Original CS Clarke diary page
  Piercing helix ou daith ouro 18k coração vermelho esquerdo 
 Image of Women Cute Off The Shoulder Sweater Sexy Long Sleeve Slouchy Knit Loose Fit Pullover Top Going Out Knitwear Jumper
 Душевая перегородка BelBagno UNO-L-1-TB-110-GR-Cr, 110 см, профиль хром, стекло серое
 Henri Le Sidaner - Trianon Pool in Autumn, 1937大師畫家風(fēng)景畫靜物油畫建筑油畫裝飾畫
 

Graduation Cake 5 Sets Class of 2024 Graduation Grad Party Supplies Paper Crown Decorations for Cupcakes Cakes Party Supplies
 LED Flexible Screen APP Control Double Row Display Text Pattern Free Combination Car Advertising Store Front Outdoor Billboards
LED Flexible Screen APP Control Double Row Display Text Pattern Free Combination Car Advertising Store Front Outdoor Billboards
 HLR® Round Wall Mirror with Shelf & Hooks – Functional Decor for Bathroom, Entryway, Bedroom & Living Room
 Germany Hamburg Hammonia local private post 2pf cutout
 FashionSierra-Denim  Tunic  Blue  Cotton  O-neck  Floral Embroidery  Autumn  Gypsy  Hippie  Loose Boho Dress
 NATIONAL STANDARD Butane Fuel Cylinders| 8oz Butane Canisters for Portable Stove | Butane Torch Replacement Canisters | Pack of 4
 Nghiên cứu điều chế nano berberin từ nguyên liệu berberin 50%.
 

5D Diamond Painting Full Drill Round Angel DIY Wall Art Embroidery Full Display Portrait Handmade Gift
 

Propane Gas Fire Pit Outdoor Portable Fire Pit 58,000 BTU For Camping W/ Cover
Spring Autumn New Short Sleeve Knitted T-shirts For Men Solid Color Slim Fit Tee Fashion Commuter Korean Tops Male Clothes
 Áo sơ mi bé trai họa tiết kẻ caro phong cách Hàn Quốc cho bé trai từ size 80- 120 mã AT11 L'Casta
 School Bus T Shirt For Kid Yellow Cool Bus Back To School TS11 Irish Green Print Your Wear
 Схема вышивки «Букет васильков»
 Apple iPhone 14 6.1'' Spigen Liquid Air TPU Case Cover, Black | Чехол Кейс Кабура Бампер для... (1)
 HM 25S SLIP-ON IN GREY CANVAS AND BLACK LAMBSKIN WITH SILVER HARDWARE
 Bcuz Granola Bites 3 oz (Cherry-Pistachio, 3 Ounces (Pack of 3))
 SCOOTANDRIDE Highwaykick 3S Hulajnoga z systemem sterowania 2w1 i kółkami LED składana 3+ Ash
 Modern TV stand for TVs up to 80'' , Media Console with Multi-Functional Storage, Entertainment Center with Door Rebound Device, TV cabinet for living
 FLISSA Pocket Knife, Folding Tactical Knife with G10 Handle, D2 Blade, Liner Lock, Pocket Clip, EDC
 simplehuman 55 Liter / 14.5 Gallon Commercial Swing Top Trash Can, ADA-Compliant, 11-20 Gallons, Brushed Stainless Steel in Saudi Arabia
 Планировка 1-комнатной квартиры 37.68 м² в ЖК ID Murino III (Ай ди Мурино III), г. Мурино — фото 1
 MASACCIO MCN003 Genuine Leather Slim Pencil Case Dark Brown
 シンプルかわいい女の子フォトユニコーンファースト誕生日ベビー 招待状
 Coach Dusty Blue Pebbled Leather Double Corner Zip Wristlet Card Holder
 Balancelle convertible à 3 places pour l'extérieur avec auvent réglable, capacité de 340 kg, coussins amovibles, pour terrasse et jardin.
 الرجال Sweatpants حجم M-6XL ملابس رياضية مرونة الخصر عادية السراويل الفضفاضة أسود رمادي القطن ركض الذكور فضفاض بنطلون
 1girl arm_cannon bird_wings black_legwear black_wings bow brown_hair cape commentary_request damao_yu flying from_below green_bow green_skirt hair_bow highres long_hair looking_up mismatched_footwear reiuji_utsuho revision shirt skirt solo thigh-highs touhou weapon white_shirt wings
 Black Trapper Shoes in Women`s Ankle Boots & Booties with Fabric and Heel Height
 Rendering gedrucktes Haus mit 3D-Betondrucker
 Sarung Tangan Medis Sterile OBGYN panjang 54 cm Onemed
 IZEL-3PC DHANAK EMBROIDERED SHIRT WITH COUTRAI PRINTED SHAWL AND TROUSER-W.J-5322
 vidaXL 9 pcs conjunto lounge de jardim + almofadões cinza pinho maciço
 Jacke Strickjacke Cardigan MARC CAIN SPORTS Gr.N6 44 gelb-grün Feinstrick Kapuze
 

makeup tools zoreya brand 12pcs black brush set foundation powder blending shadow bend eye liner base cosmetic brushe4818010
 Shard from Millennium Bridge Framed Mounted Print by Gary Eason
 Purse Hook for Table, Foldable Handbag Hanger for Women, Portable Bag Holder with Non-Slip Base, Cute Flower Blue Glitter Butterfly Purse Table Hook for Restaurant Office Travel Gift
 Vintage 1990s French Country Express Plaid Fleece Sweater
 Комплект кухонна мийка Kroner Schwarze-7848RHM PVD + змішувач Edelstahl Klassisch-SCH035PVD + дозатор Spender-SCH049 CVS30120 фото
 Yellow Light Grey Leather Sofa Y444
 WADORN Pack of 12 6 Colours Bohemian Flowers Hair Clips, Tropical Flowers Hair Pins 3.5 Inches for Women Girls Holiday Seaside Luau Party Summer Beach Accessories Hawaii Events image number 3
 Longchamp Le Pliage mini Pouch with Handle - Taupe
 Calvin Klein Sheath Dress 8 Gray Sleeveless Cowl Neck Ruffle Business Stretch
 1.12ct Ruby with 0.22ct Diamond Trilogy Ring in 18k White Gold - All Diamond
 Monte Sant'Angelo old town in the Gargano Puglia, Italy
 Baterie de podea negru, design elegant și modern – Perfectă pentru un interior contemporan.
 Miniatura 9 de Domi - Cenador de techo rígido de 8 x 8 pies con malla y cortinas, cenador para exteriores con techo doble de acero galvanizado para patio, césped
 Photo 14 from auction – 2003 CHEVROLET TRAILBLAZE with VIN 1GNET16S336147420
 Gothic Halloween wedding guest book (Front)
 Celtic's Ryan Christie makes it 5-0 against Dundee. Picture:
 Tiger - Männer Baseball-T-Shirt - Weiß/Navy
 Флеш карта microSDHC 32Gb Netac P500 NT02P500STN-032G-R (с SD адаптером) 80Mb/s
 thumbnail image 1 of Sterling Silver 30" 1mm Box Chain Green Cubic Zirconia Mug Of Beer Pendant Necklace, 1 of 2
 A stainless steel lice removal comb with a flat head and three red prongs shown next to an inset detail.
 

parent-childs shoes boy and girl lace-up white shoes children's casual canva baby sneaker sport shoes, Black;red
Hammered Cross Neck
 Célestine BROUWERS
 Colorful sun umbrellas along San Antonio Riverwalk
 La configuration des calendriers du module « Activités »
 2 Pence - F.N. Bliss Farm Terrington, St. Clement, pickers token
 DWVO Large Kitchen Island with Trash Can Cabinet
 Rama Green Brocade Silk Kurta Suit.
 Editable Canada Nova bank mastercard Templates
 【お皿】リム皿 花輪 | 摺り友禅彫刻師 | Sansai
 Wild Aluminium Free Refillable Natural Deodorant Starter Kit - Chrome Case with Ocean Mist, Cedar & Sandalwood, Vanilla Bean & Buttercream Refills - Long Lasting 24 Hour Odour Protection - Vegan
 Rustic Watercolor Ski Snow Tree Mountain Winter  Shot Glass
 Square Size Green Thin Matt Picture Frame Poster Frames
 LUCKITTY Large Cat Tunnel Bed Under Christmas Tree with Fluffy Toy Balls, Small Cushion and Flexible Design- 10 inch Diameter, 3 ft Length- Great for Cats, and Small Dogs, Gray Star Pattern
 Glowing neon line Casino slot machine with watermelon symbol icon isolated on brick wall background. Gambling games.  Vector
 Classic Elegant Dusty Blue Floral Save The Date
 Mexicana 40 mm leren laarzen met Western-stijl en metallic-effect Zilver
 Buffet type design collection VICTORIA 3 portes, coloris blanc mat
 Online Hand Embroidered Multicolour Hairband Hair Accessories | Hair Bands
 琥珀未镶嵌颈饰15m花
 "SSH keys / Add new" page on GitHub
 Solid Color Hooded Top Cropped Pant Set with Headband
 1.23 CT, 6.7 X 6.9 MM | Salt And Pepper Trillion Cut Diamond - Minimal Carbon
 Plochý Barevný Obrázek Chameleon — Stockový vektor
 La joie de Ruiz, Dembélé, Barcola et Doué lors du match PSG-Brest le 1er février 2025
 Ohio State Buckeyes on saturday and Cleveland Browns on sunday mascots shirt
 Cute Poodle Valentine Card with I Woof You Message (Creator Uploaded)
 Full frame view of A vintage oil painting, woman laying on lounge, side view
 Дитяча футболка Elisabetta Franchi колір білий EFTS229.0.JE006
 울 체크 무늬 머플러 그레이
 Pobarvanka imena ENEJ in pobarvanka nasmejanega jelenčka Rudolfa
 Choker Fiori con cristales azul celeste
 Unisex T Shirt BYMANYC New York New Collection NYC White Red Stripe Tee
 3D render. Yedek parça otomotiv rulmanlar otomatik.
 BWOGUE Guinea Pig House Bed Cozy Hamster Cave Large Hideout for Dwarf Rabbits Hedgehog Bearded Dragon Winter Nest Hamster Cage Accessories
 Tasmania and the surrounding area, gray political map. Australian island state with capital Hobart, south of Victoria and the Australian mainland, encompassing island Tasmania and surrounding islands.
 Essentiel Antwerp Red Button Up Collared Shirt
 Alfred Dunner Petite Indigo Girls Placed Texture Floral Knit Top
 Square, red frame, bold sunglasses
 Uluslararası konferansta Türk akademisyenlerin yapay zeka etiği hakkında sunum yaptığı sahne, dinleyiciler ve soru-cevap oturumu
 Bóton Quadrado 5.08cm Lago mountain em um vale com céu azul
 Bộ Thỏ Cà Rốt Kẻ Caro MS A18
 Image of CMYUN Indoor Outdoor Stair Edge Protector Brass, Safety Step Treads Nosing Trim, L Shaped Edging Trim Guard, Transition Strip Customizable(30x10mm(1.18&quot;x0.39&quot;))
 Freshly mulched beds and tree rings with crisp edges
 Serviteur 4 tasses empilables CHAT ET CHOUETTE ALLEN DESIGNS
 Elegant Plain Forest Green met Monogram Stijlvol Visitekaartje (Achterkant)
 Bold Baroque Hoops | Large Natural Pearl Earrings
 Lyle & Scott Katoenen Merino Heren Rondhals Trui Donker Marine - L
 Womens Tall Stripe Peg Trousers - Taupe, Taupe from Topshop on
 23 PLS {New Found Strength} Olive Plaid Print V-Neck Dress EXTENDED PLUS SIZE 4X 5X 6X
-=-=-
■ **WHAT TO PRODUCE**: Identify every line above with the string "Trash" in it. Copy those lines.

■ **OUTPUT FOR THIS EXERCISE**:
 simplehuman 55 Liter / 14.5 Gallon Commercial Swing Top Trash Can, ADA-Compliant, 11-20 Gallons, Brushed Stainless Steel in Saudi Arabia
 DWVO Large Kitchen Island with Trash Can Cabinet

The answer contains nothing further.